2022 yılı boyunca İskoçya, İspanya, İzlanda, ve hatta işçileri “öldürene kadar çalıştıran” ülke olmasıyla kötü ünlenen Japonya bu uygulamayı başlatmışlar. Bu düzenleme aslında haftada beş yerine dört gün çalışma seçeneği sağlamasıyla değil, iki yerine üç günlük hafta tatili olanağı vurgusuyla haberleştiriliyor. 

Bilin bakalım 2022 yılında Cuma Cumartesi ve Pazar günlerini hafta tatili ilan ederek bu uygulamayı ilk başlatan öncü ülke hangisi? Birleşik Arap Emirlikleri. 

BAE, 1 Ocak 2022’den itibaren, resmi kurumlarda haftada dört buçuk günlük çalışma uygulamasına geçildiğini ve Cuma’lar yarım gün olacak biçimde hafta tatilinin Cuma, Cumartesi, Pazar olarak düzenleneceğini duyurmuş.2 Ülkedeki çok uluslu şirketlerin de hızlıca bu uygulamaya uyum sağlayacağı öngörülmüş. 

Dört günlük haftalık çalışma düzenlemesinin gerekçeleri ülkeden ülkeye farklılaşıyor. BAE, kendisini İslam ticaret geleneğinden farklılaştırıp, Cuma Cumartesi tatili yerine daha “Batı”lı bir rekabet gücü peşindeyken; Japonya, neredeyse kontrolden çıkmış çalışma kültürünü “normalleştirip”, insan kaynağının kendi kendisini tüketmesinin önüne geçmeye çalışıyor. Batının kapitalistleri ise, artı değeri en iyi kabartacak iş-yaşam dengesini yakalama çabasında olduğunu söylüyor.

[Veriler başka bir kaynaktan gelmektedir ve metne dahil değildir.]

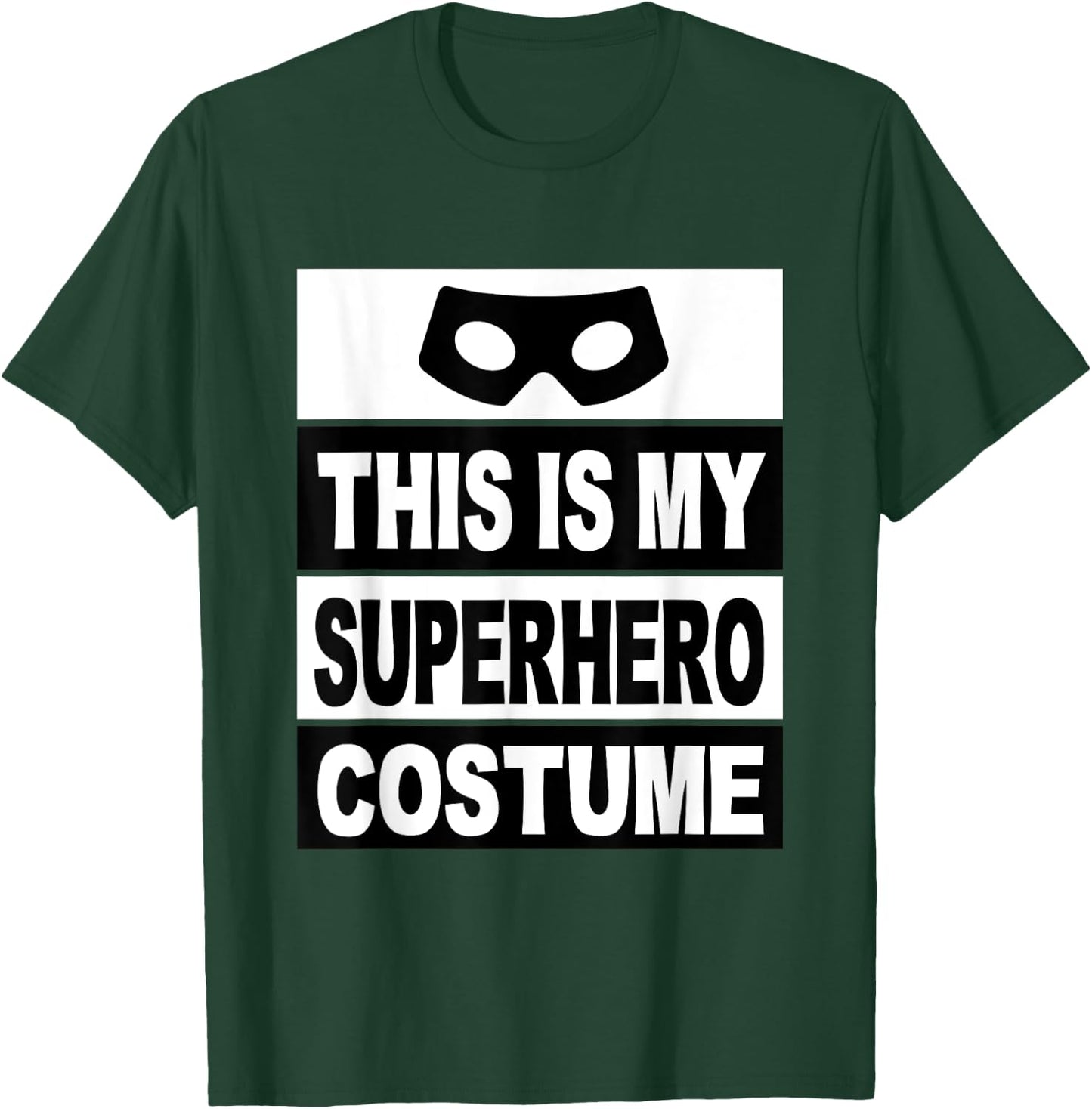 Retro This Is My Superhero Costume Shirt Lazy Costume Mask T-Shirt - T-Shirt | Forest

Neredeen nereye?... İnsana yaraşır yaşam hakkı için mücadeleden, patronlara yoğunlaştırılmış üretkenlik olarak geri dönsün diye, “kaliteli yaşam motivasyonuna”.

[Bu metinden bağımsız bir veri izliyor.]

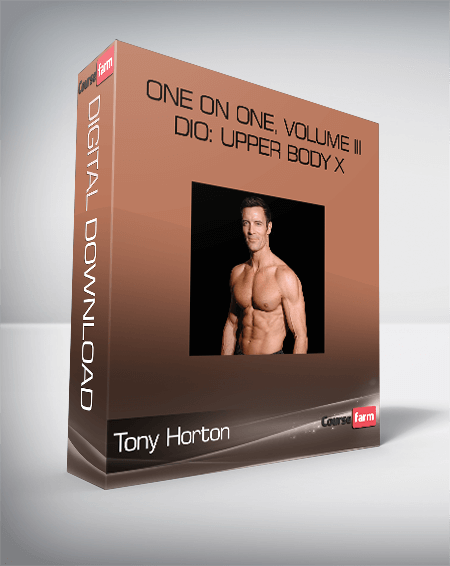 Tony Horton – One on One, Volume III – DIO: Upper Body X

Bu “insanlar isterse haftada dört gün çalışacaklarmış, maaşları da aynı kalacakmış” efsanesini bir yana bırakalım. Son olarak bir de Dünya genelinde çalışma sürelerinin genel duruma bakalım.

OECD’nin 2020 yılı verileri kullanılarak üye ülkeler açısından uzun çalışma sürelerini ortaya çıkaran bir tablo var. Tabloda ülkeler, haftada 60 (altmış) saat ve üzeri çalışanların toplam işçilere oranına göre sıralanmış. OECD ortalaması yüzde 4.4. Listenin başında yüzde 15.1 ile Türkiye. Ardında yüzde 14.2 ile Kolombiya ve yüzde 13.4 ile Meksika var. 

Türkiye için bir hesap yapmaya çalışalım. Tabloya göre ülkedeki işçilerin yüzde 15.1’i haftada 60 saat ve üzeri çalışıyor. Eylül 2022 TUİK istatistiklerine göre, memlekette 14 milyon 919 bin 900 ücretli çalışan var. OECD’nin verilerinden yüzde 15.1 bilgisini alırsak, kabaca, çok çok kabaca hesapla 2 milyondan fazla işçinin haftada 60 saat ve üzeri çalıştığı çıkıyor karşımıza.

Altmış saat. Haftanın 5 günü de, 6 günü de, 7 günü de çalışsa günlük çalışma saati tarihsel kazanımımız olan 8 saati aşıyor…

Esneklikmiş, teknolojiymiş, kaliteymiş, motivasyonmuş, iş-yaşam dengesiymiş… 

Dünya alem bir asır geriye dönmüş olabilir. Biz, bırak ömrümüzü, yıllarımızı, aylarımızı, haftalarımızı, tek bir günümüzü vermeyiz. Tek adım geri atmadan, tek saati kaptırmadan ilerlemesini bilmeliyiz. Önce sekiz saat iş, sekiz saat dinlenme, sekiz saat yaşam hakkımızı geri alıp, hemen ardından daha ilerisi için mücadeleye devam etmeliyiz.